The underside of all living things in the works of the British-Indian artist.
Anish Kapur is one of the most striking and evocative sculptors of contemporary art. It shows the voluminous representations of the body, but as if from within. In a gigantic size. By sculpting the sculpture on an architectural scale, Kapoor creates an impressive illusion of plunging into the hidden and often frightening spaces of the human body and psyche.

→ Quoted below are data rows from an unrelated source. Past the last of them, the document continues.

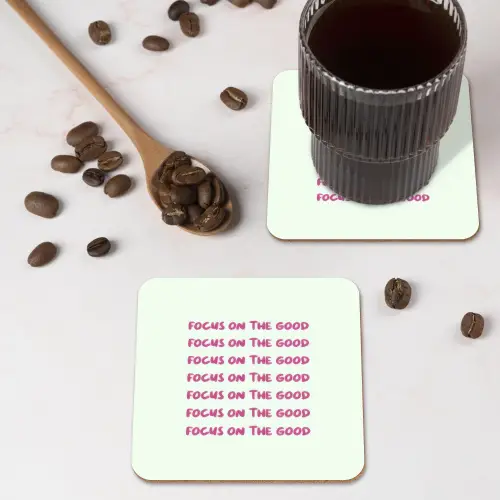 Focus on the good - Roze onderzetter kurk middel -sfeer2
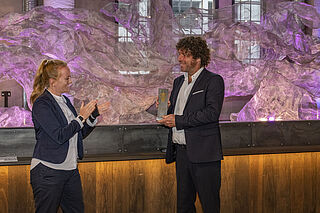 Zwei Personen bei der Verleihung 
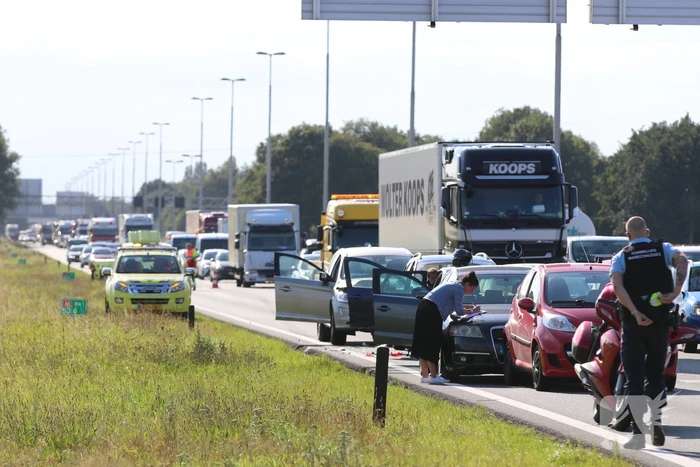 Meerdere gewonden bij ongeval op snelweg met meerdere voertuigen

Bloody red mash, anatomical forms, often dissected roundness, cavities and tunnels — its objects have the physiology of archaic and the symbolism of psychoanalysis, which the artist has been engaged in for more than 20 years.

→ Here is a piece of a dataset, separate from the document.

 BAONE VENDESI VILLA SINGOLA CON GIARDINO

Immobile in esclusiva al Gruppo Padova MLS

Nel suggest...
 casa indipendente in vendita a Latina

Visually they can not be covered entirely, they suppress the viewer with a scale, but at the same time form a powerful spatial and physical experience of perception. Suffice it to recall the sculpture «Leviathan» (2011), which he dedicated to the arrested Chinese artist Ai Weiwei. When the state of claustrophobia was born in the huge Grand Palais, a giant shapeless object captured people inside, where it seemed even more than outside.
Turning the inner space of corporeality outward, Kapoor tries to create the illusion of space within the sculpture, which, it would seem, is deprived by definition. Bottomless dark holes, areas of emptiness, concave mirror surfaces become the entrance to infinity, the place of transition of gross physical matter into an immaterial dimension.